I have further concerns that have not yet been addressed. I am concerned about the impact of the Bill on young people, and care-experienced people in particular. We need further detail on the support that will be provided for 16 to 22-year-olds, particularly with their mental health, to enable them to participate in the workplace.

There is one further concern that has not been addressed and on which I want to press the Minister, which is the lack of alignment between the conclusion and implementation of the Timms review and the implementation of raising the threshold for PIP to four points. I believe that the Secretary of State made some movement on that point in her opening speech, but so far, it is not clear that we will avoid a situation in which there will be a category of new claimants—people who become disabled after November 2026 but before the implementation of the Timms review—who will face an increased threshold without any of the mitigations that will come from a revised assessment process and descriptors that are co-designed with disabled people. That would be unfair and unequitable, and I believe that it makes the policy and putting four points in the Bill incoherent. We must have a system that aligns the implementation of the new system with the review process, co-designed with disabled people, that defines it.

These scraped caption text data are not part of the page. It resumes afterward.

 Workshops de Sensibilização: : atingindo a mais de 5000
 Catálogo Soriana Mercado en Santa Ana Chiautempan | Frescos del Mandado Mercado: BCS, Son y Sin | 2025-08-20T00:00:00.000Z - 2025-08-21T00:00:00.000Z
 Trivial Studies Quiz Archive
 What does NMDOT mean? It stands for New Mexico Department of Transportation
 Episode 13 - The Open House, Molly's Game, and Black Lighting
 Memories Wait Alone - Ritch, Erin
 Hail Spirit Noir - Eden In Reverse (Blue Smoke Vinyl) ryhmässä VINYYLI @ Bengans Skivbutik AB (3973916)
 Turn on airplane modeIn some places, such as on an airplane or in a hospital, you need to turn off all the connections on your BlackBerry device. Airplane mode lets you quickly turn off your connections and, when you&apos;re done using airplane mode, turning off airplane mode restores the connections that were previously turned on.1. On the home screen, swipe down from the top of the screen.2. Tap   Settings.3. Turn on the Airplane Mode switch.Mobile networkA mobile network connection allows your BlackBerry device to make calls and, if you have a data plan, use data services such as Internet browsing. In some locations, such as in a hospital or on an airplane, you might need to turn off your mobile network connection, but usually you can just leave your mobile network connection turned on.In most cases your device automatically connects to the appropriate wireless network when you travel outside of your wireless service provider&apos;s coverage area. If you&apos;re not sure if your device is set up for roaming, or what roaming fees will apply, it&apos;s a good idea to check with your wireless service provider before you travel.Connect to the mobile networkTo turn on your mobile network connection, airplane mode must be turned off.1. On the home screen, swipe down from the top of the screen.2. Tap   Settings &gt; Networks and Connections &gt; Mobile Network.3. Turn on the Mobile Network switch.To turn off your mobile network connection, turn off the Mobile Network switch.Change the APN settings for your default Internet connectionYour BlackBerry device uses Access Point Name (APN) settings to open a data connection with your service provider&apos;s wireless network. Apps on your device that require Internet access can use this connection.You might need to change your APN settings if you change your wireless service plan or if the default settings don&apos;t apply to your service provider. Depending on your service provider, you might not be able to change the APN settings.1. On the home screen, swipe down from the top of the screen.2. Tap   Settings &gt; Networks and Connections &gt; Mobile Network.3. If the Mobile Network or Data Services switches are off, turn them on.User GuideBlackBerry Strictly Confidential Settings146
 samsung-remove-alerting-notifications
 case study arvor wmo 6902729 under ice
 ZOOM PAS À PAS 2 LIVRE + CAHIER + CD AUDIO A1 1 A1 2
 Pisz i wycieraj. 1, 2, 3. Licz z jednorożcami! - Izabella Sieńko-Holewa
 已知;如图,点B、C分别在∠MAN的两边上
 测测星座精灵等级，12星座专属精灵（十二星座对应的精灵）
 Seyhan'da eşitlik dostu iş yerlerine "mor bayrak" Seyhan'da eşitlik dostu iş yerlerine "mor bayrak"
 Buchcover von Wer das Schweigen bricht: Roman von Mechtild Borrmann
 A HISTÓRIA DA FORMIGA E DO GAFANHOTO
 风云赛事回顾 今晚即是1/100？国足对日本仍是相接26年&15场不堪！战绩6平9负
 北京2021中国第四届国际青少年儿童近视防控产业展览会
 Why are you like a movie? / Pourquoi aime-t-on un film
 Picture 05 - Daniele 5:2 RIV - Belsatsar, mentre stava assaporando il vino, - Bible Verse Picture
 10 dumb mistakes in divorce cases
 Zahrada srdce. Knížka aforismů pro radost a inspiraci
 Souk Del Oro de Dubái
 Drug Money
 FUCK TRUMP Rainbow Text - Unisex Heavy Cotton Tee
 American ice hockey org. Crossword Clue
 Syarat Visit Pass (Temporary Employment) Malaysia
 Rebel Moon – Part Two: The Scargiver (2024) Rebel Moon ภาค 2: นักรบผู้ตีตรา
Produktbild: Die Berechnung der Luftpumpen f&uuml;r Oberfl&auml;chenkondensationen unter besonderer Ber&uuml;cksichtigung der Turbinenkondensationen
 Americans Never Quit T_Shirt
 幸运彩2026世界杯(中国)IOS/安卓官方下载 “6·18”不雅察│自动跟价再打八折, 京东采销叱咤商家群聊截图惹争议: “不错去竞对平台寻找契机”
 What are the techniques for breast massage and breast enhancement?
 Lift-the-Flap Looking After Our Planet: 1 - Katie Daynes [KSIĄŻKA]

I believe that the Government must also set out further detail on the impact assessment between today and Third Reading. That the Bill will plunge 150,000 people into poverty is an unacceptable consequence. If the Government are confident that their mitigations and the additional support mean that that will not be the case, it must provide this House with credible evidence so we can believe that. At the moment, we have to base our judgments on the evidence that is in front of us and that says that 150,000 people’s lives will be made worse as a consequence of the Bill.

One of the most regrettable aspects of the process is that it has harmed the trust and confidence of disabled people. Full alignment of the Timms review with the introduction of the new system is an essential requirement of beginning to rebuild that trust. I will listen carefully to what the Minister says from the Dispatch Box in closing the debate.